Poems "The Voice That Breathed O'er Eden"

Marianne Boruch

"The Voice That Breathed O'er Eden"

Context: John Keble was an Anglican clergyman and poet who initiated the Oxford Movement, a reform movement within the Church of England whose aim was a return of the Church to a purer and more fundamental religious outlook. A number of factors contributed to a need for reform: schisms within the Church; proliferation of other sects; political conditions; and the romantic influence on literature and popular thinking exerted by Sir Walter Scott, whose works glorified medieval life and religion. In 1833 Keble preached a sermon in which he accused the Whigs of attempting to do away with the sovereignty of God and the Church. The Oxford Movement, thus begun, gained impetus with a series of tracts written by its leaders. John Henry Newman became the movement's principal figure. The tracts crusaded for Church reform, advocating a return to ceremony, dignity, scholarship, and more basic theology. The movement also sought to revive much of the ritual and ornamentation that the Reformation had abolished. These efforts had a profound and lasting influence on the Reformed Churches. Keble's literary output, in addition to sermons and several of the tracts, consisted for the most part of poetry and hymns. His major work is The Christian Year, a series of poetical compositions and thoughts in verse pertaining to each of the sundays and annual Holy Days. It was intended to be a guide and companion to the Book of Common Prayer. Published in 1827, it expresses in poetry the outlook that led to the Oxford Movement.
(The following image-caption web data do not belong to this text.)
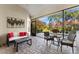 Covered lanai with outdoor seating and views of the lush backyard at 5106 Pine Shadow Ln, North Port, FL 34287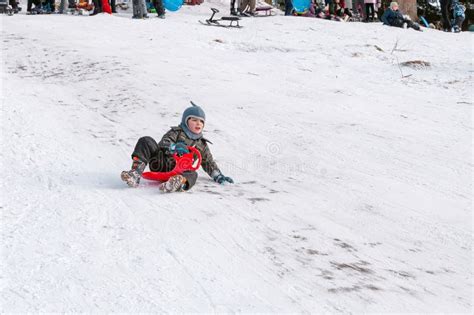 Happy Smiling Boy Sliding Down On Saucer Sled The Hill Is Covered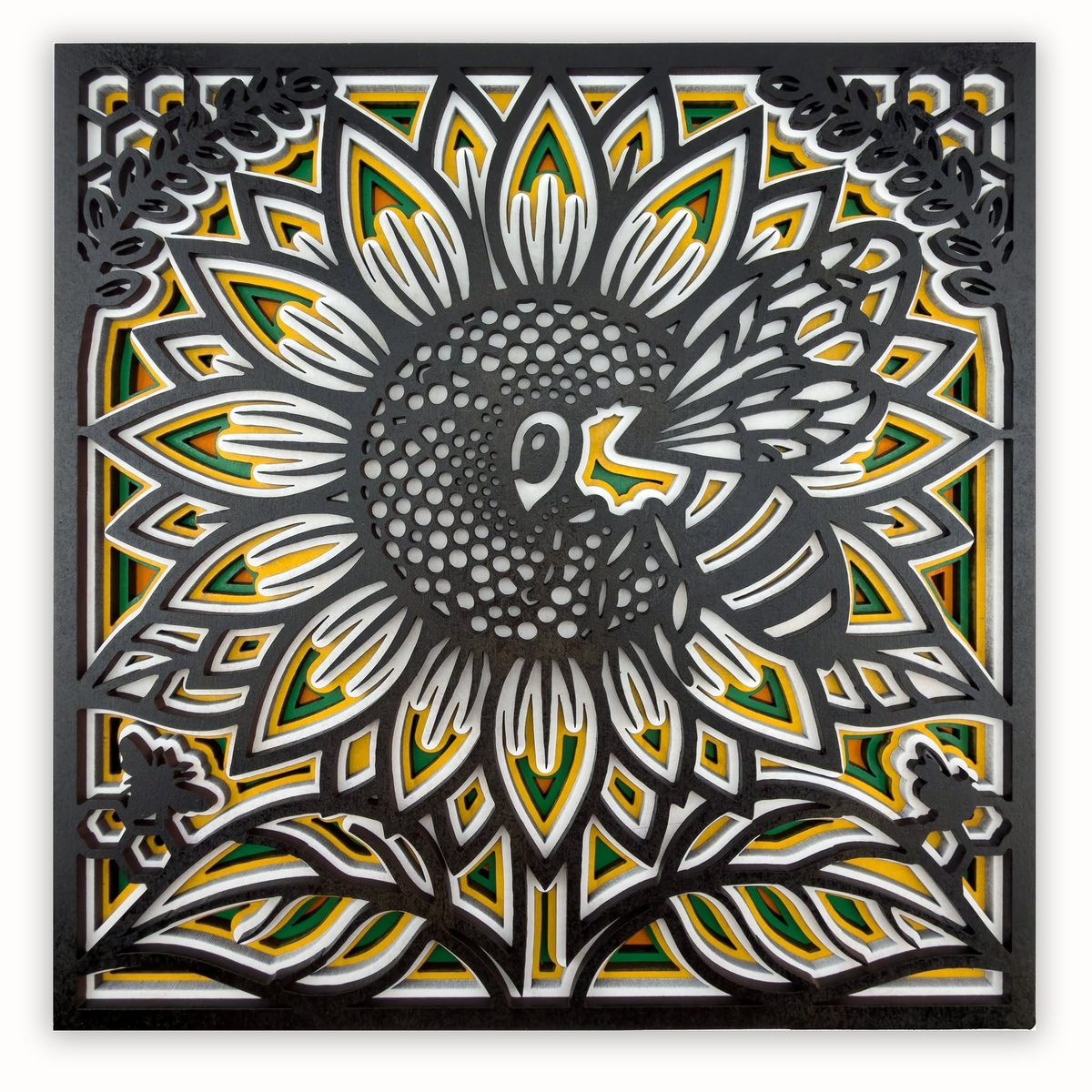 The same sunflower design painted: a black top layer over yellow, green and white layers, with the seed head picked out in grey.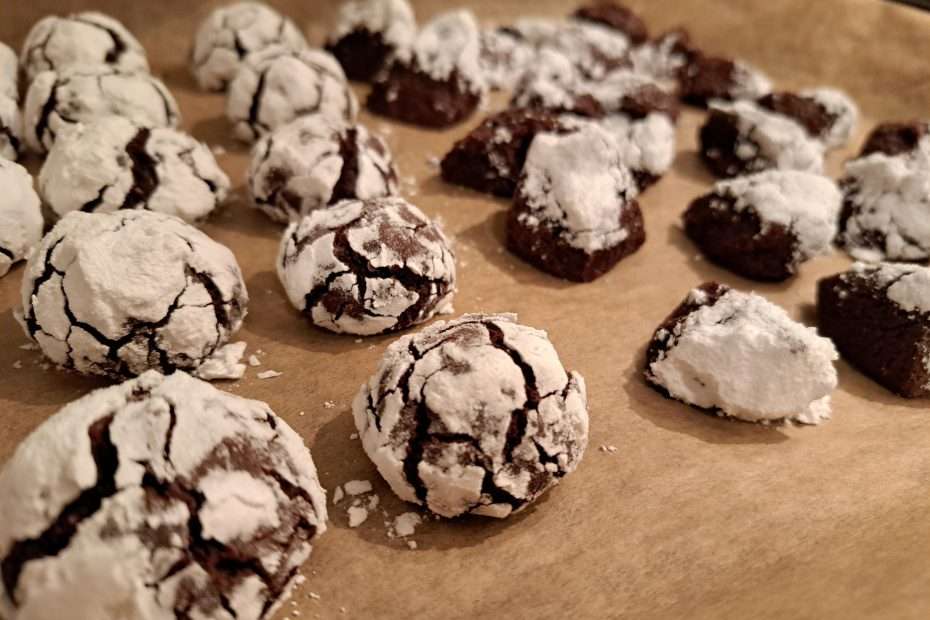 a baking tray of brown ball shaped cookies covered in powdered sugar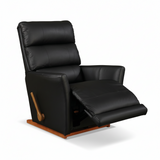 Black leather-look recliner chair with extended footrest and side handle, angled view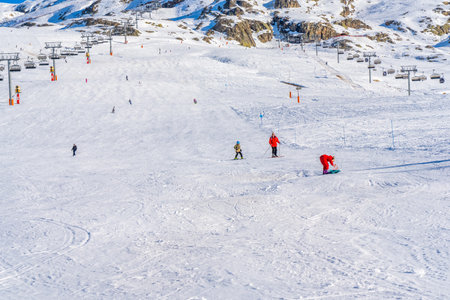 Alpe D'Huez, France - 31.12.2021: Skiers skiing, chairlifts in Alpine ski resort on bright winter day. Winter holiday, family recreation in snow mountains. High quality photoのeditorial素材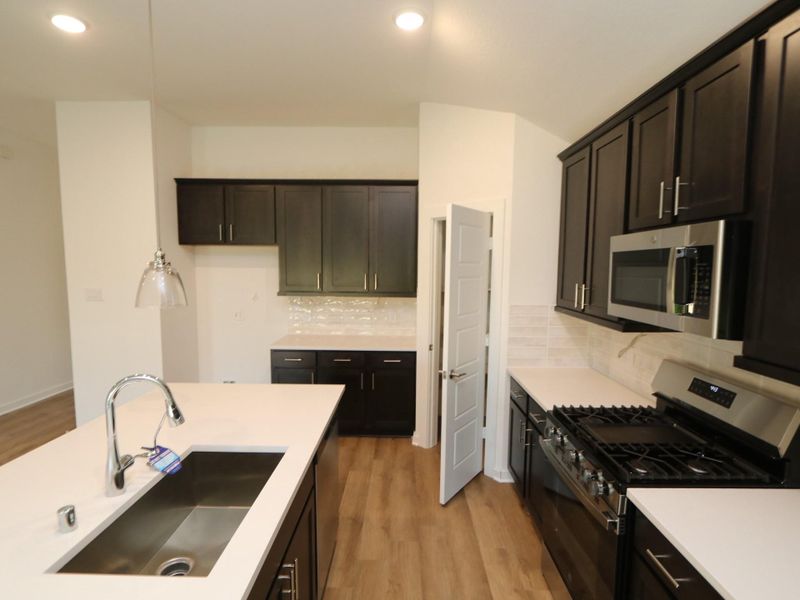 Furnished interior view inside a new home in Ambrose, La Marque (Image 4).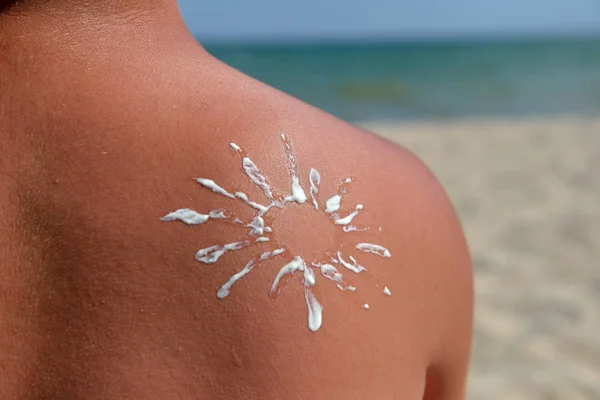Acercamiento del sol dibujado con crema solar en el hombro de un joven — Foto de Stock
In it many of the more familiar and cherished passages of Scripture are expanded and illuminated. Characterized by simple piety and a love of nature, it contains a number of hymns which have since become favorites. The same religious sentiment is found in Keble's other poetry; in Holy Matrimony he expresses the deep sanctity of marriage and asks the blessing of God upon it:

The voice that breath'd o'er Eden,
That earliest wedding-day,
The primal marriage blessing,
It hath not pass'd away.
Still in the pure espousal
Of Christian man and maid,
The holy Three are with us,
The threefold grace is said.
. . .
Be present, Holiest Spirit,
To bless them as they kneel, As thou for Christ, the Bridegroom,
The heavenly Spouse dost seal.
Oh spread thy pure wing o'er them,
Let no ill power find place,
When onward to thine altar
The hallow'd path they trace,
To cast their crowns before thee
In perfect sacrifice,
Till to the home of gladness
With Christ's own Bride they rise. AMEN.